In my own words: In order to decide who washes the dishes, xiaoming and his wife decide to play a game. Xiao Ming's wife first determines the properties of a number C, such as a prime or a mantissa of 3, and then gives a series of instances of such numbers in 1 to 100 d= {x1,..., XN}; finally give any number x please xiaoming to predict if X is in D. If Xiaoming is wrong, he will wash the dishes, of course, if you guessed the right to eat in the restaurant.

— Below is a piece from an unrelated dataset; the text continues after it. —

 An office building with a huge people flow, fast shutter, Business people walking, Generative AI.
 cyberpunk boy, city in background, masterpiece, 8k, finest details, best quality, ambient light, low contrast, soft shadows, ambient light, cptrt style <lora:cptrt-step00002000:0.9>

For example, when d={16, 8, 2, 64}, Xiaoming would guess that the initiator gave the C is 2 of the n-th square or even the form, so if x=32, Xiaoming will be very sure that the answer should be yes. Yes, but if X is 10, xiaoming may be a little hesitant. Fortunately, Xiao Ming is a yard farmer, Bayesian learning algorithm gives Xiaoming a tool for judging. Its basic idea is that the final probability (posterior probability) is proportional to the likelihood probability (likelihood) and the prior probability (prior) product
(1) Likelihood probability
In this example, assuming uniform sampling, it is obvious that the likelihood probability is given by the following formula:
That is, the larger the sample space, the less the probability of taking a particular set.
(2) Prior probability
A priori probability represents a supplement to likelihood probability. He can be drawn from historical data, or by experience. In this example, if D = {16,8,2,64}, then xiaoming can get two possible H. One is 2 n times, and the other is 2 N to remove 32. If only the likelihood probability is considered, the probability of the latter case is significantly greater, but from the experience of life we can know that unless the wife is very sick, it is unlikely that the second kind of morally bankrupt collection. So we give the "normal" set a relatively large priori probability, "abnormal" on the contrary, making the final result more consistent with our experience.
(3) post-test probability
The basic Bayesian formula is believed to be clear to everyone. When used because the denominator is a fixed value, so long as the numerator can be determined. The product of a priori probability and likelihood probability
is a concrete display.
It can be seen that even though the likelihood probability of the second hypothesis is greater, the posteriori probability is the first, which is in line with the experience of the people.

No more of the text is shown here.